The book is rich with useful information both for marketing professionals and for people who are simply interested in how marketing works. In that regard, Baaghil provides a useful overview of everything you need to know about marketing, which for Baaghil means finding a way to invite your audience to belong to the brand, and vice versa. Budding entrepreneurs in the early stages of founding a business would be particularly well-served to read Baaghils advice concerning brands, since he makes a passionate argument that branding starts at the business conception stage. Business owners who dont think about their brands from the beginning, says Baaghil, are still building a brand perceptiontheyre just building an unplanned, wild brand perception. By the time the new entrepreneur is ready to release a product, if he or she is thinking of branding merely as colors and a logo, it may be too late. One of the most interesting and useful parts of the book is Baaghils ongoing engagement with the problems of business and marketing specifically with regard to the Middle East and the developing world. He speaks warmly yet firmly to Middle Eastern CEOs, providing them with needful advice that comes from his clear vision of how far there is to go, but more importantly, how great the possibilities are for business and culture in the region. For the past twenty years of my life I have striven to excel in a field I passionately lovemarketing. From my days at the University of Maine pursuing my marketing degree until today my life has been marketing. My early experience in the profession dates back to 1990, when I joined a reputable company, Edison Brothers, based out of St Louis, Missouri. Now I have risen from an employee to a self-employed entrepreneur who has created numerous companies for himself and others. My experience speaks for itselfthrough my marketing work, the books Ive authored, and my consultancies.

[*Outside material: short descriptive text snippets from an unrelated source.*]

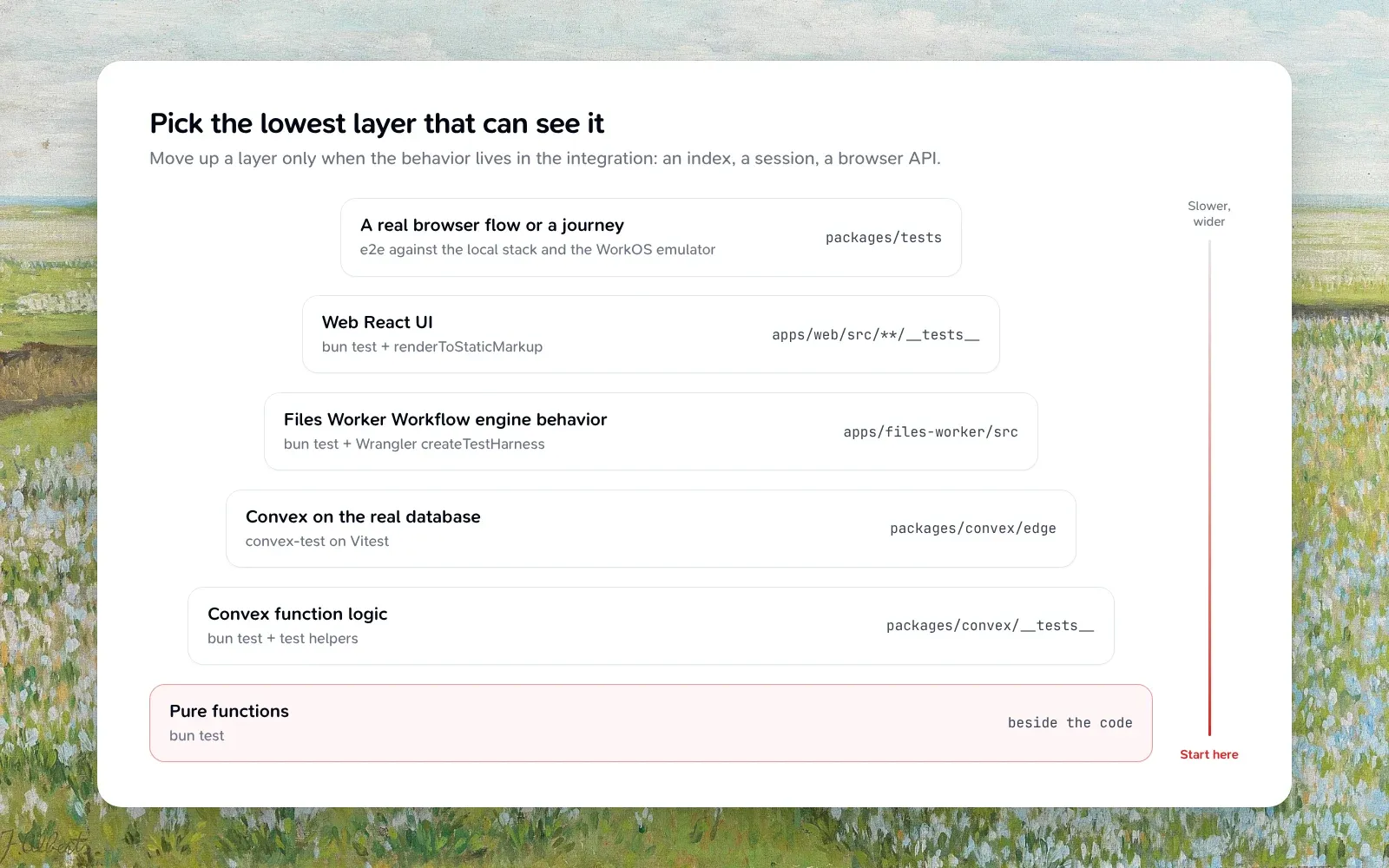 Teak’s test layers, from pure functions with bun test up to end-to-end journeys with e2e
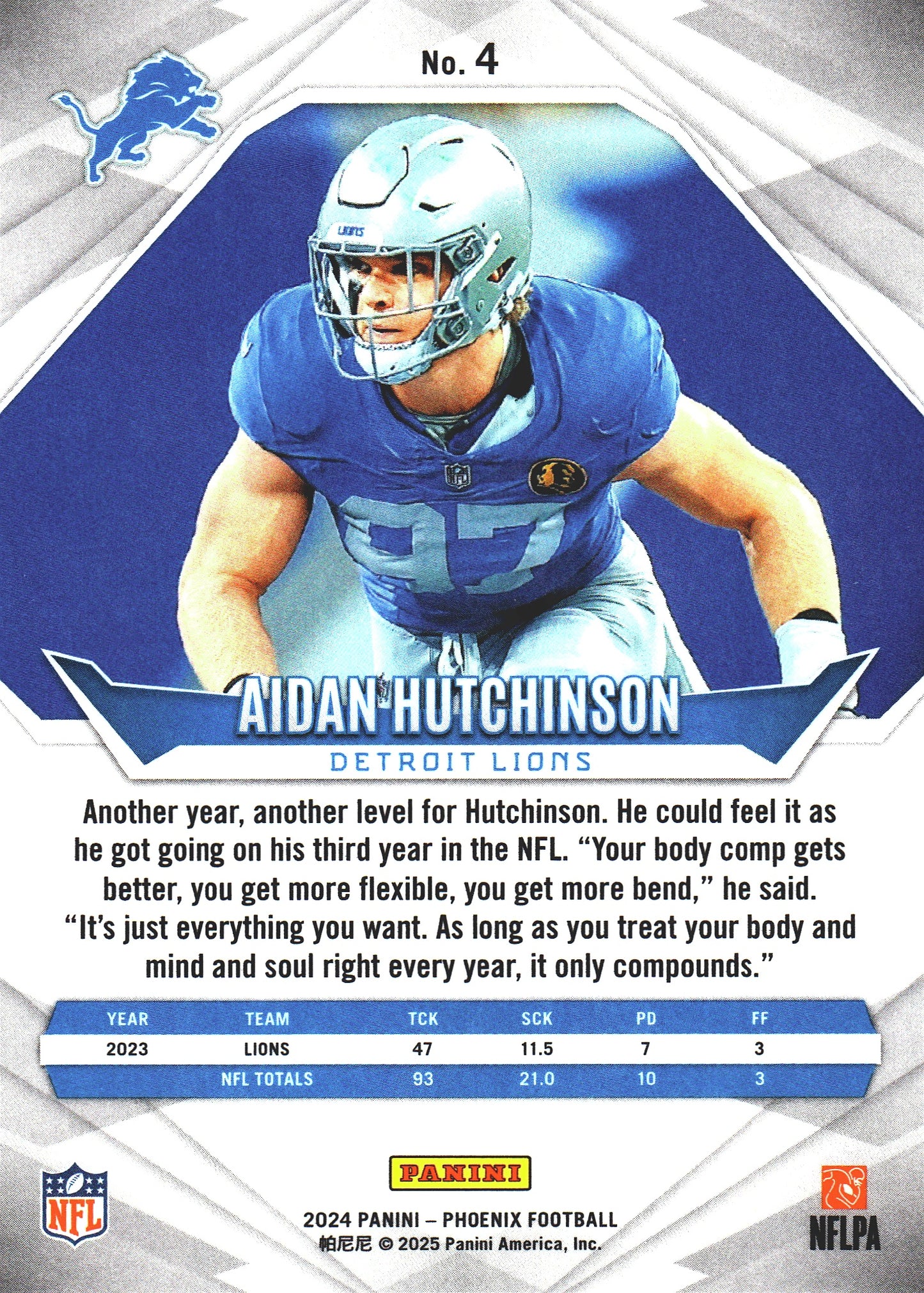 2024 Panini Phoenix International Aidan Hutchinson #4 Detroit Lions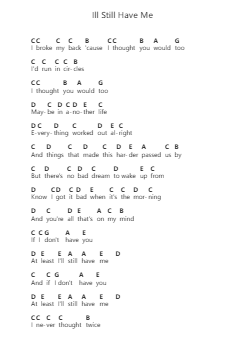 Ill Still Have Me Piano letter notes by Cyn - Arr.Churkiel Uliam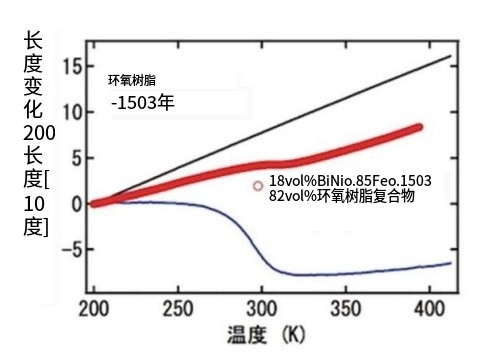 微信截图_20240415094201.png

Middle Eastern Christians and Europe

Middle Eastern Christians and Europe
Author :
Publisher : LIT Verlag Münster
Total Pages : 268
Release :
ISBN-10 : 9783643910233
ISBN-13 : 3643910231
Rating : 4/5 (33 Downloads)

Synopsis Middle Eastern Christians and Europe by : Andreas Schmoller

Middle Eastern Christians have a long tradition of interacting with Europe. As other minorities they have also "emerged" through relations of European powers with the region. The historical circulation of people and ideas is also relevant for identities of Middle Eastern Christians who have settled in Europe in the past decades. This volume, stemming from an interdisciplinary workshop in Salzburg 2016, brings together both perspectives of entanglement.